El comandante de la compañía ocupaba habitualmente la posición expuesta del extremo derecho de la fila frontal. Hasta el siglo IV hubo pocos generales profesionales y ningún oficial de pleno empleo. Los hombres eran promocionados a puestos de responsabilidad al comienzo de una campaña en función de su experiencia y se esperaba que capitanearan a los soldados desde la primera línea: ellos y sus acompañantes, a quienes consideraban como los mejores combatientes, solían ocupar las filas de vanguardia y retaguardia. Los generales y demás oficiales participaban directamente en el combate y no se limitaban a gestionarlo, lo cual tenía consecuencias importantes para la moral de sus tropas. Una de las principales razones de que los hombres de Alejandro Magno le demostraran una devoción tan absoluta era que habían sido testigos de su heroísmo personal en el campo de batalla.

El hoplita de las dos o tres filas delanteras no estaba menos expuesto al miedo. Podía ver mejor que quienes se hallaban a sus espaldas —pero lo que veía era otra temible falange cuyos miembros estaban resueltos a intentar matarlo—. Iba a tener que recabar toda su bravura y cargar contra esa otra falange, a pesar de su aparente impenetrabilidad. A veces, un silencio terrible atenazaba a los soldados al observar a los enemigos frente a ellos —silencio que, en un momento, podía difundirse y minar la seguridad—. El peán, una especie de letanía entonada justo antes de la carga, distraía de aquel miedo helador.
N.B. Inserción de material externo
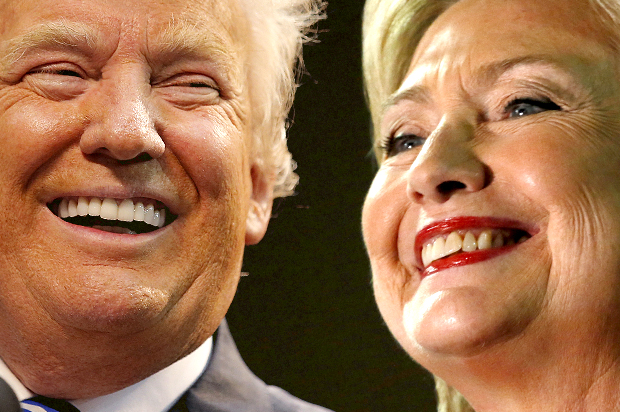 Donald Trump, Hillary Clinton (Reuters/Chris Keane/Jim Bourg/Photo montage by Salon)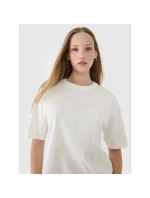 Dámské hladké tričko oversize 4F 4FRSS25TTSHF2694-11S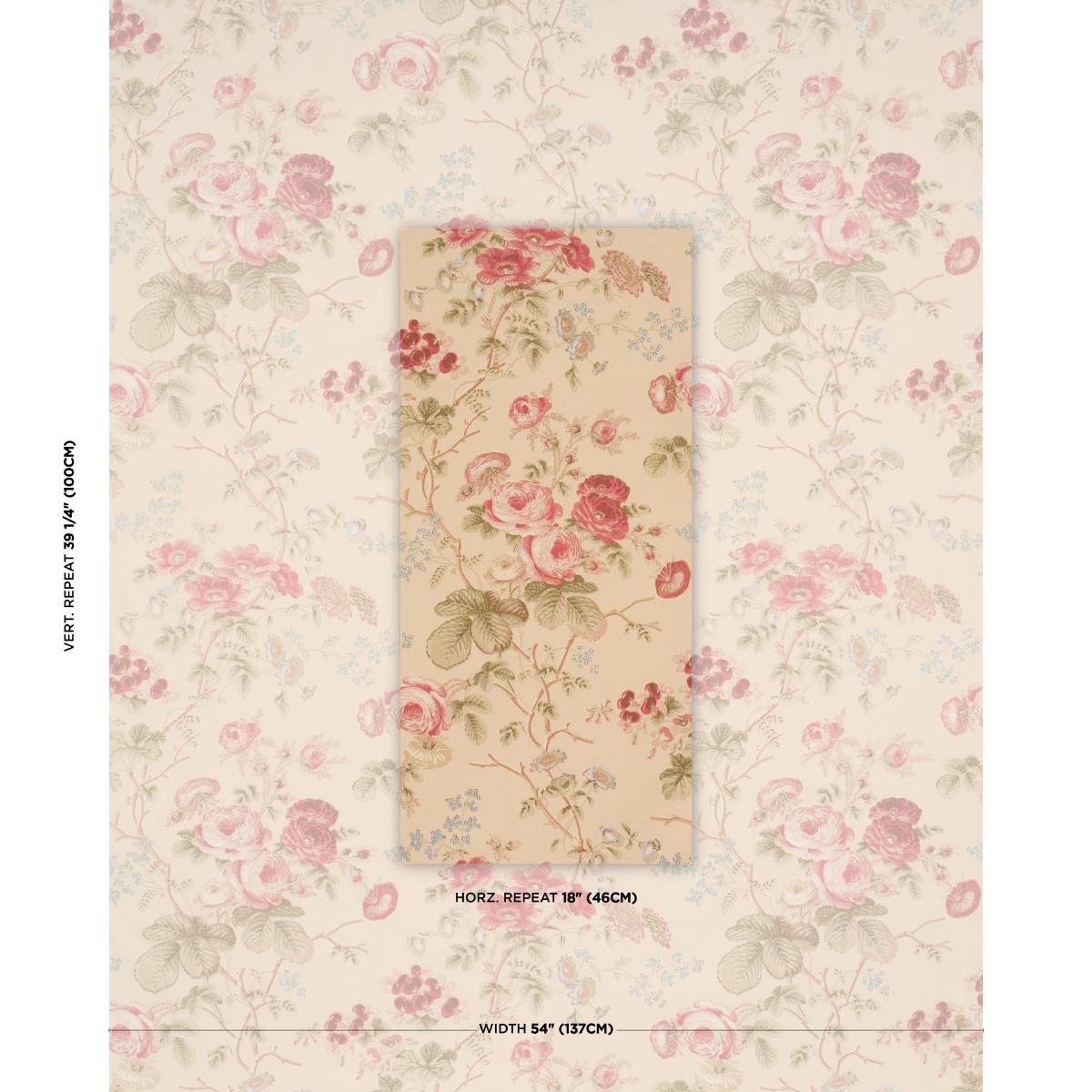 Schumacher Salisbury Chintz Butter Fabric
Otro remedio era el alcohol: todos los ejércitos transportaban provisiones de vino o lo saqueaban durante sus marchas, y era probable que, antes del combate, los oficiales proporcionaran a sus hombres vino rebajado con agua, al estilo griego. El sacrificio ofrecido antes de la batalla —el derramamiento religioso de sangre, que prefiguraba la atroz sangría que iba a producirse— podía prometer la victoria, pero todo ello contribuía escasamente a aliviar los temores del hoplita.
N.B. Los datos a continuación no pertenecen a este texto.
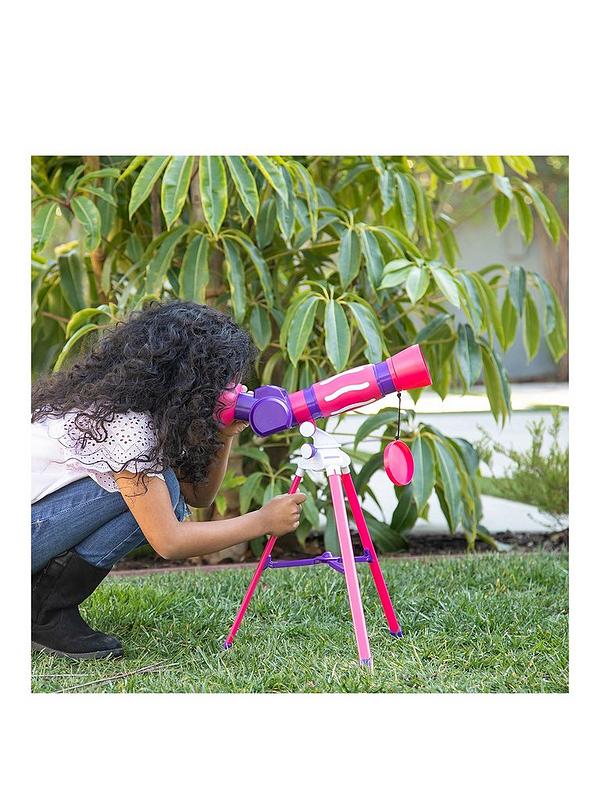 Image 1 of 6 of LEARNING RESOURCES Geosafari Jr. My First Telescope (pink)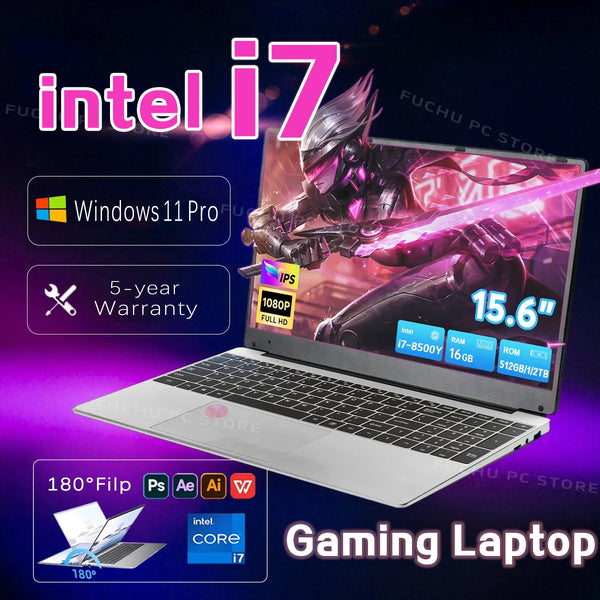 Laptop da 15,6" Windows 11 Pro Intel Core i7 8500Y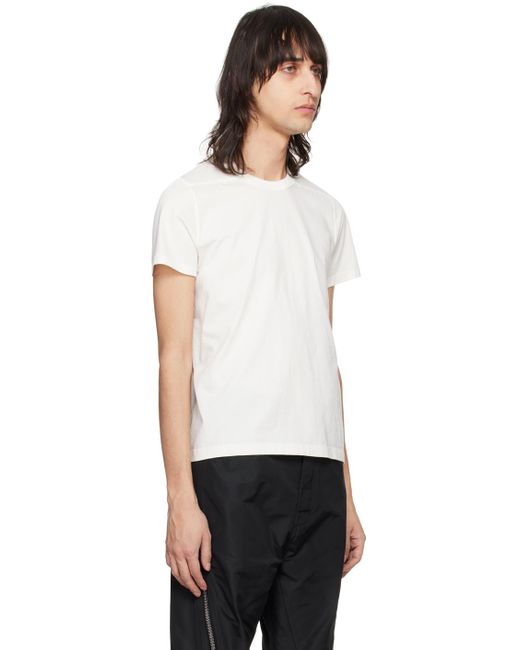 Rick Owens Black Off-white Level T-shirt for men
Las tácticas de combate hoplíticas inspiraban a los griegos su concepción del valor: según dice el general ateniense Laques4 en el diálogo platónico que lleva su nombre, el hombre valiente es el que se mantiene firme en el combate. A pesar de que el Sócrates de Platón juzgaba esa idea lamentablemente inadecuada como definición del valor, se hallaba tan arraigada en el pensamiento griego que combatir a distancia (con honda o arco o, incluso, con una jabalina) se consideraba una cobardía. Eurípides, a quien le encantaban las paradojas, hizo incluso que uno de sus personajes se burlara de Heracles, el héroe arquetípico, por esos motivos:

Jamás abrazó escudo con su mano izquierda

ni se arrimó a las lanzas;

sosteniendo su arco —el arma de los cobardes— siempre estuvo presto a huir.